Xu Jinbo, Jiao Feng, Berger Bonnie
Toyota Technological Institute at Chicago, Chicago, Illinois 60637, USA.
J Comput Biol. 2007 Jun;14(5):564-77. doi: 10.1089/cmb.2007.R003.
This paper proposes a parameterized polynomial time approximation scheme (PTAS) for aligning two protein structures, in the case where one protein structure is represented by a contact map graph and the other by a contact map graph or a distance matrix. If the sequential order of alignment is not required, the time complexity is polynomial in the protein size and exponential with respect to two parameters D(u)/D(l) and D(c)/D(l), which usually can be treated as constants. In particular, D(u) is the distance threshold determining if two residues are in contact or not, D(c) is the maximally allowed distance between two matched residues after two proteins are superimposed, and D(l) is the minimum inter-residue distance in a typical protein. This result clearly demonstrates that the computational hardness of the contact map based protein structure alignment problem is related not to protein size but to several parameters modeling the problem. The result is achieved by decomposing the protein structure using tree decomposition and discretizing the rigid-body transformation space. Preliminary experimental results indicate that on a Linux PC, it takes from ten minutes to one hour to align two proteins with approximately 100 residues.

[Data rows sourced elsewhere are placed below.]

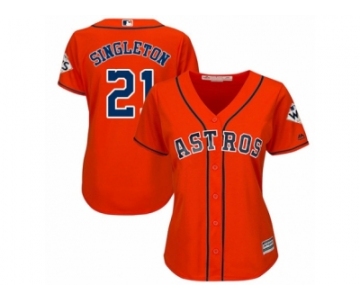 Women Majestic Houston Astros #21 Jon Singleton Replica Orange Alternate 2017 World Series Bound Cool Base MLB Jersey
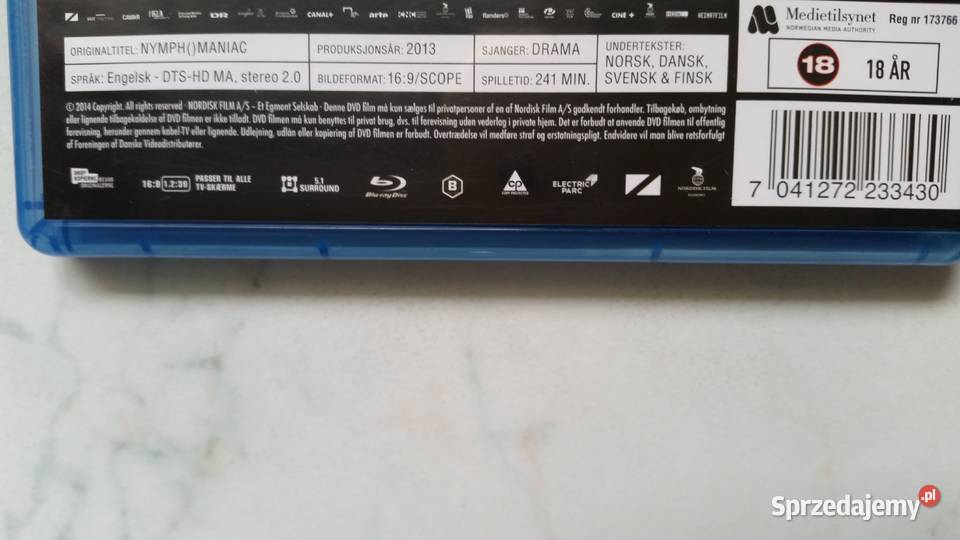 Bluray disc NYMPHOMANIAC VOL1 VOL2 LARS VON Puławy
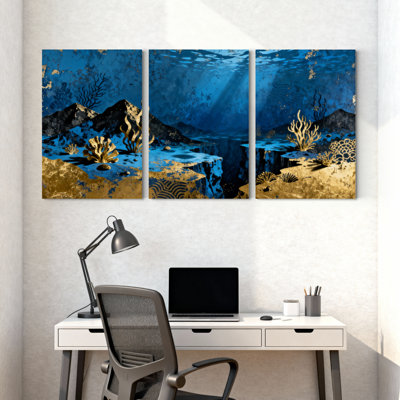 Paysage sous-marin avec corail doré et profondeurs bleues, ensemble de 3 impressions sur toile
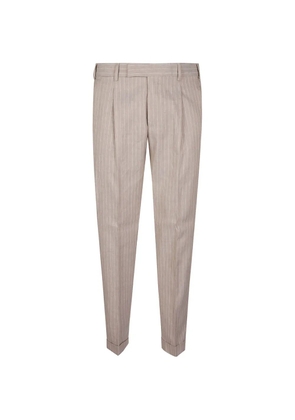 PT Torino pinstripe-print pleated trousers - Neutrals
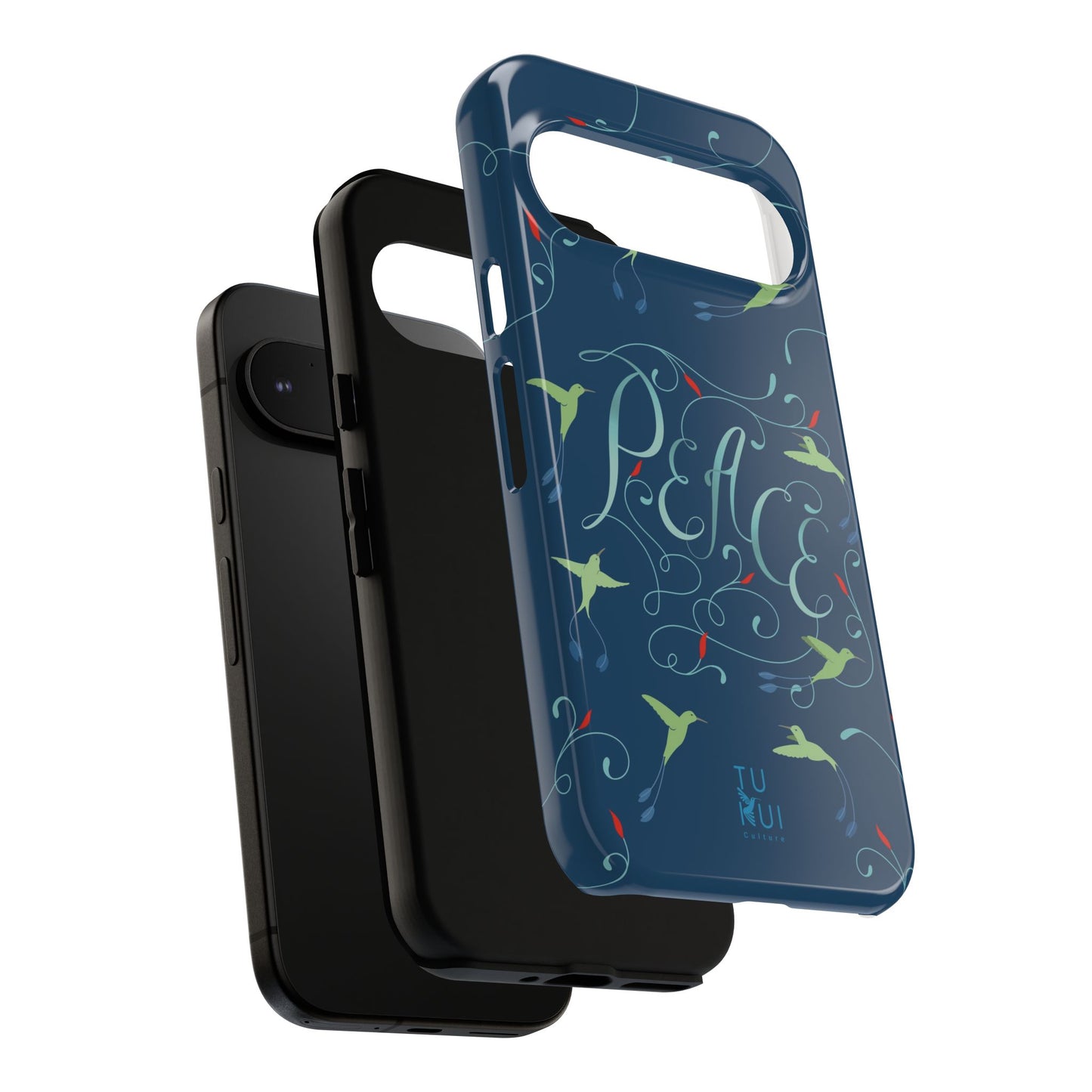Phone Case - Hummingbirds & Flowers with Peace Lettering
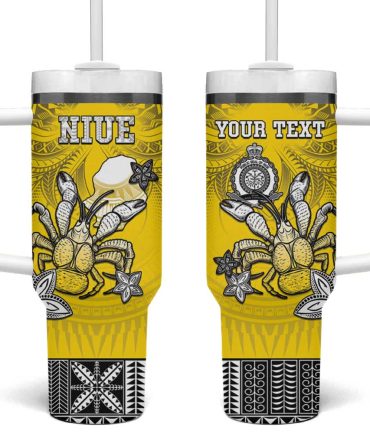 Happy Niue Constitution Day Niuean Crab Hiapo Yellow Custom Stanley Quencher 40Oz Stainless Steel Tumbler With Handle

本文提出了一种参数化多项式时间近似算法(PTAS),用于比对两个蛋白质结构,其中一个蛋白质结构由接触图表示,另一个由接触图或距离矩阵表示。如果不需要比对的顺序,时间复杂度在蛋白质大小方面是多项式的,并且相对于两个参数D(u)/D(l)和D(c)/D(l)是指数级的,这两个参数通常可视为常数。具体而言,D(u)是确定两个残基是否接触的距离阈值,D(c)是两个蛋白质叠加后两个匹配残基之间允许的最大距离,D(l)是典型蛋白质中残基间的最小距离。该结果清楚地表明,基于接触图的蛋白质结构比对问题的计算难度与蛋白质大小无关,而是与几个对该问题进行建模的参数有关。该结果是通过使用树分解对蛋白质结构进行分解并对刚体变换空间进行离散化而得到的。初步实验结果表明,在一台Linux个人电脑上,比对两个约有100个残基的蛋白质需要10分钟到1小时的时间。